Giovanni Milito, Federica Cadeddu, and Giorgio Lisi

18.1

Introduction

A rectocele is a herniation of the rectum through the rectovaginal fascia and posterior vaginal wall causing a protrusion into the vaginal lumen. It is a common disorder in women with a history of multiple vaginal deliveries, and it is asymptomatic in 80% of cases [1]. Symptomatic rectocele is less common, usually affects postmenopausal females, and results in obstructed defecation and constipation (Table 18.1) [2, 3]. Rectocele can be classified according to its position: low, middle, or high; and/or their size: small (< 2cm), medium (2–4cm), or large (4cm). Size is measured anteriorly from a line drawn upward from the anterior wall of the anal canal on proctography [4]. It can also be classified into three clinical stages at straining during defecation proctography (Table 18.2).
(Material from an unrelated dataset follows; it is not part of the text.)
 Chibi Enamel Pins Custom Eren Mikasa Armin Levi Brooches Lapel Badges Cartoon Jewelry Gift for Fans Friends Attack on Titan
Surgery should be considered when conservative therapy fails and careful patient selection, based on an accurate morphofunctional assessment, is crucial to obtain a satisfactory outcome [5]. The purposes of surgical repair in the management of rectocele repair are essentially the restoration of normal vaginal anatomy and the restoration or maintenance of normal bladder, bowel, and sexual function. Transperineal repair of the fascial defect may provide restoration of normal anatomy and symptomatic relief. A variety of synthetic and nonsynthetic graft materials have been used in rectocele repair to enhance anatomical and fuctional results, and improve long-term outcomes. Symptomatic rectocele results in obstructed defecation and constipation. Surgical repair may provide symptomatic relief.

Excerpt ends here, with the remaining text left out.